As mentioned by W. Howard Neal in his work – “Oil and gas technology development subgroup of the technology task group of the NC committee of global oil and gas” (2007): “Since the beginning of the modern age of oil and gas, technology has played a fundamental role in supporting the efficient production of hydrocarbons”. Technology developments have great impact on an E&P company’s operations. Technology has reduced the risk of exploration and cut the time required to drill a well. In the past, oil and gas companies spent little on R&D, they bough technologies from service and startup companies. Recently, new petroleum projects have become “more costly, less economical, and technically more challenging” (W. Howard Neal, 2007). Oil and gas companies in upstream sectors should consider applying new technology rather than keeping existing one. Understanding that the key to increasing recoverable reserves has been technology, companies are motivated to invest in Research and Development. Oil and gas companies can suffer from of economic risks when adopting new technology such as higher cost but less certain result. However, new technology could result in “faster, more effective resource recovery and a net economic gain for the company” (W. Howard Neal, 2007).

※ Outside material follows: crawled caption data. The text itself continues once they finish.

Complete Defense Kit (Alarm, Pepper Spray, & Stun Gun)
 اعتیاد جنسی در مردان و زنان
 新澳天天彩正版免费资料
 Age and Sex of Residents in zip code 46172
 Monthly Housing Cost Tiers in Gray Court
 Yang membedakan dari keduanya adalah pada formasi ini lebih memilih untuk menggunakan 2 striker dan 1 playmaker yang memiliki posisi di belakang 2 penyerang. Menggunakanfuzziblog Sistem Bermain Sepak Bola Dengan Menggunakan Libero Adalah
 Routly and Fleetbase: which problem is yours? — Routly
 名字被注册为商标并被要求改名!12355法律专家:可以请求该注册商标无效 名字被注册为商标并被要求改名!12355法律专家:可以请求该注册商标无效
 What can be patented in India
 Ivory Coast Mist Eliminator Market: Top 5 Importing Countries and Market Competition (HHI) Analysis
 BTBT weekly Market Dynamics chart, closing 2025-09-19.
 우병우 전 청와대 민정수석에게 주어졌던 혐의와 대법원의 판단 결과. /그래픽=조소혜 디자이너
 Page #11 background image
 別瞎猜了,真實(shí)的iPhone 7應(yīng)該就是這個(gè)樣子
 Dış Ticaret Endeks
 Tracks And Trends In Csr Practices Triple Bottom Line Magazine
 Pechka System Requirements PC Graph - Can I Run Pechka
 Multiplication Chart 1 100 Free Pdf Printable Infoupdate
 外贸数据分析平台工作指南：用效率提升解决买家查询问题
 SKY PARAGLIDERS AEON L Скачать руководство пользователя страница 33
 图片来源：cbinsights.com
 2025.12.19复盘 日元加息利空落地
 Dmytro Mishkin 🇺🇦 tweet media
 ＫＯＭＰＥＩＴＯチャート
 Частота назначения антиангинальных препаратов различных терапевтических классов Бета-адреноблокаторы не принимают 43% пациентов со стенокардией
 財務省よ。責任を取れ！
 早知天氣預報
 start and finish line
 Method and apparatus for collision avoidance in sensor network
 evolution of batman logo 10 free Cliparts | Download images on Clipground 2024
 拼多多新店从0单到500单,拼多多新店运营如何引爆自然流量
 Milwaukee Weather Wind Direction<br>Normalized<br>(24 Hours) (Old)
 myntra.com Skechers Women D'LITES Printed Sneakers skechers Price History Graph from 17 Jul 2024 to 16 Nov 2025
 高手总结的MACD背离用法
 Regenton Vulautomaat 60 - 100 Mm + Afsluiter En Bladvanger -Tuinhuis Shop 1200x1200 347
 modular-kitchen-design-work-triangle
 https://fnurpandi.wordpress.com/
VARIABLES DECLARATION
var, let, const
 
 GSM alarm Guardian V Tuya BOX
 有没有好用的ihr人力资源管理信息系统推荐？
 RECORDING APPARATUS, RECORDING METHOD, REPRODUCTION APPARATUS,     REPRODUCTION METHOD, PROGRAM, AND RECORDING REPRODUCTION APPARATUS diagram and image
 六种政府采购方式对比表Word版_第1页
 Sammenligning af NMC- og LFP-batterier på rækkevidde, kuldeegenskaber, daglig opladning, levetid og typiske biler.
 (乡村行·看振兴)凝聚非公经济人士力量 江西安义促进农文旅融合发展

E&P companies conduct exploration, development and production operations under Licences. However, any fail to fulfil the terms or delays on obtaining or renewing the Licences will result in penalty or delay on investment (Genel Energy Plc Annual Report, 2011).
An oil and gas company in upstream sector needs to aware of Health, Safety and Environment risks regarding blowouts, equipment failures, explosion…as the company has to follow international environmental guideline about safety requirements, environmental requirements and social impacts. Before entering into new markets, the company needs to aware of all applicable legislation and international codes of practice in this country.
Porter’s five forces model
In the past, competition was narrowed in only direct competitors. However, Michael E.Porter stated in this work “The five competitive forces that shape strategy” (2008) that “Competition for profits goes beyond established industry rivals to include four other competitive forces as well: customers, suppliers, potential entrants, and substitute products.” The strongest competitive forces will determine the industry profitability and become the most important factor when formulating the strategy (Porter, 2008).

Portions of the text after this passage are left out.